第3話

職員室で担任の野中 美子のなか みこはため息をついた。

「蓬莱くん。いくら音楽が苦手でもこんなことしないでくださいよ」

「……すみませんでした。」

「まったく、あんたのお姉さんは優秀なんだけどね……」

「……」

俺は謝るか黙るかの二択しか用意されなかった。さすがに女子の頭にリコーダーを通して涎をたらすことになるとは……。

俺がうつむいていると

「姉ちゃん!」

「智!弟を許してください。」

と姉ちゃんは頭を下げた。担任は

「はぁ……さすがに校内1の学力を持つ2人だから黙ってみてたけど……」

俺はその言葉にカチンと来た。さすがに担任……いや人としてコイツは失格だと思った。

「てめぇ、人を学力で見てたのかよ……!」

「そうよ?だって将来天才を見つけた有名な人になるんだから!!」

正直俺の時代は学力主義だったから人をそんなふうに見るのも仕方がなかった。

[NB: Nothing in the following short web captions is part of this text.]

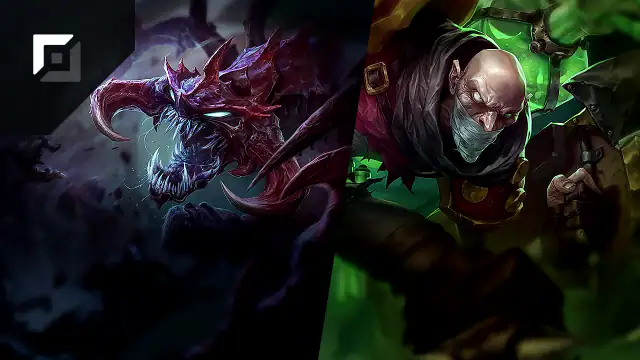 Cho'Gath versus Singed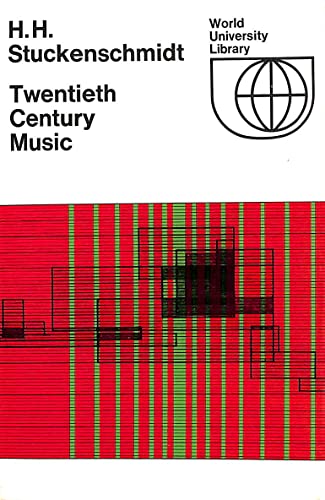 Imagen de archivo de Twentieth Century Music (World University Library) a la venta por WorldofBooks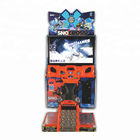 110V / 220V Racing Arcade Machine Coin Operated For 5 - 12 Years Old Kids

だが最近頭のいい奴らが頭のよくない奴らをいじめている。

「頭がいいからってなにをしていいとは限りません!!」

「それなら……お姉さんは口答えするからしばらく学校に来ないでくださる?」

「そ、それは……」

「あはは!そうよね!だって受験するからね!勉強ができなくて落ちるだなんて弟のことに関わったあなたの自業自得じゃない!」

俺は気づいたら担任を殴っていた。担任は殴られたと感じるのに時間がかかった。

「いい加減にしろ!!今回は俺が悪い!!それでいいだろう!姉ちゃんの人生をつぶそうとするな!」

俺はもう一発殴ろうとしたとき他の先生に取り押さえられた。
























あのあと俺と姉ちゃんは母さんに連れられて家に帰った。あの担任はさすがに問題発言をしたからしばらく自宅待機になった。俺は一週間の自宅待機、姉ちゃんは特になにもなかった。

「もうなんで上手くいかないのよ!!」

母さんは泣きながらそう言った。姉ちゃんはもう我慢できなくなって二階の部屋に上がって泣いている声が聞こえた。家がお通夜のような雰囲気になる。俺は自分の部屋に引きこもる。俺がおかしいのか?もうわからない……

するとキィっと俺の部屋のドアが開いた。

「智……お前……」

「なんだよ父さん……」

きっと怒られると思った。しかし父さんは

「あはははは!お前最高だわ!」

「笑いごとじゃねえーよ!」

父さんは腹を抱えて涙をながしながら笑った。

「しばらく自宅待機だろ?」

「うん」

と父さん少し笑いが落ち着くと

「今日から特別に有給休暇もらえたから2人で1泊2日の箱根旅行に行くぞ!!」

俺の目の前に出したのは2つの無料のチケットが。

「これから蓬莱家の特別校外学習をするぞ!!」









これだから俺は父さんが好きだ。